━━━━━ Exercise materials

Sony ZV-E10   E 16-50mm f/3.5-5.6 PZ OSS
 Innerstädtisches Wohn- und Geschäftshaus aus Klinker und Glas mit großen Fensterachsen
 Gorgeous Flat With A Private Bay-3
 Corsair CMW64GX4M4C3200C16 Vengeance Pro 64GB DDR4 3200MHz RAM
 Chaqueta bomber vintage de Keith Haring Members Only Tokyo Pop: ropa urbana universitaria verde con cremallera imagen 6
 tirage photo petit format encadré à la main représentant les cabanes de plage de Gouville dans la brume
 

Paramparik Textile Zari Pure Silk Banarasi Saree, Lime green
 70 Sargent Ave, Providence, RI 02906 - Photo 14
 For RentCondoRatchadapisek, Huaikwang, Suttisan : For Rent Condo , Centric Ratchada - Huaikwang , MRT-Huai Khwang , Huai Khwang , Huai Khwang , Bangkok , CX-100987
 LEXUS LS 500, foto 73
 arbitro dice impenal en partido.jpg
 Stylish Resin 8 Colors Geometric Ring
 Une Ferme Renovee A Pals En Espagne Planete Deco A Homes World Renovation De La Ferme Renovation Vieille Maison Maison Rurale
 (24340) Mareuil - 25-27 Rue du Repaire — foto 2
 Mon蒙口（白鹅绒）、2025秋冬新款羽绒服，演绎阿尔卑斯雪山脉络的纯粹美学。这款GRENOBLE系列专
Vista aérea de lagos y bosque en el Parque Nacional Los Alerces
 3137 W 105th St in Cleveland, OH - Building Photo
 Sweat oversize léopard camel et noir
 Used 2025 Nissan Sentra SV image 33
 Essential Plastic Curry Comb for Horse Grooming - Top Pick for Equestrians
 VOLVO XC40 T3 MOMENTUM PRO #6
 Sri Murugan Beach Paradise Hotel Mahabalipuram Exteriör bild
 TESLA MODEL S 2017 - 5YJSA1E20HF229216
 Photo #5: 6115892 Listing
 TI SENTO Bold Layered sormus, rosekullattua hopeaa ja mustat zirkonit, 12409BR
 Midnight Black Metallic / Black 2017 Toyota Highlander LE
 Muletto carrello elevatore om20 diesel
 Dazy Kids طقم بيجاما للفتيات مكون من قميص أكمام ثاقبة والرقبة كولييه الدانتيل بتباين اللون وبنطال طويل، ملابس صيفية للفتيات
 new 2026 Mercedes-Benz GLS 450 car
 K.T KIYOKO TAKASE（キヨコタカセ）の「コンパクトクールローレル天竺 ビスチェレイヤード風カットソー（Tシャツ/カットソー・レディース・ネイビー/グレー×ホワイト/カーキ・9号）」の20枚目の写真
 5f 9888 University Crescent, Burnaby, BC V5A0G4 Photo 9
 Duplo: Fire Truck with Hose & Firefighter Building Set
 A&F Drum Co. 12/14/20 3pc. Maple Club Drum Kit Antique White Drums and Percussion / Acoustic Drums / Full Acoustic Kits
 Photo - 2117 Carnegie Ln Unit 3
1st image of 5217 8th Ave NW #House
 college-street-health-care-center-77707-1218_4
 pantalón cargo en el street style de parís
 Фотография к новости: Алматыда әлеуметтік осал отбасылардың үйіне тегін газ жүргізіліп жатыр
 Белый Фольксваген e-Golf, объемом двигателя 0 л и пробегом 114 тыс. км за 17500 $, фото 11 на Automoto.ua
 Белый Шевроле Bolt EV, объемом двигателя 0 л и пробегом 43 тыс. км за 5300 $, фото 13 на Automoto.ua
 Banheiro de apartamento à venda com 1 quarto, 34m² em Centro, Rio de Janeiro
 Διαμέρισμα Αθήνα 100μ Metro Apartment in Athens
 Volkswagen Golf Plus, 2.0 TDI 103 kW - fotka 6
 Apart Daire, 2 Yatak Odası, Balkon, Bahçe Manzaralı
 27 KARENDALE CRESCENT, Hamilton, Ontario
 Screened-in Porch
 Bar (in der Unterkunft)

━━━━━━━━━━

**What to do**
Quote every line from the beginning of the entries up to and including the line that contains "70 Sargent Ave, Providence, RI".

**Solution to this problem**
Sony ZV-E10   E 16-50mm f/3.5-5.6 PZ OSS
 Innerstädtisches Wohn- und Geschäftshaus aus Klinker und Glas mit großen Fensterachsen
 Gorgeous Flat With A Private Bay-3
 Corsair CMW64GX4M4C3200C16 Vengeance Pro 64GB DDR4 3200MHz RAM
 Chaqueta bomber vintage de Keith Haring Members Only Tokyo Pop: ropa urbana universitaria verde con cremallera imagen 6
 tirage photo petit format encadré à la main représentant les cabanes de plage de Gouville dans la brume
 

Paramparik Textile Zari Pure Silk Banarasi Saree, Lime green
 70 Sargent Ave, Providence, RI 02906 - Photo 14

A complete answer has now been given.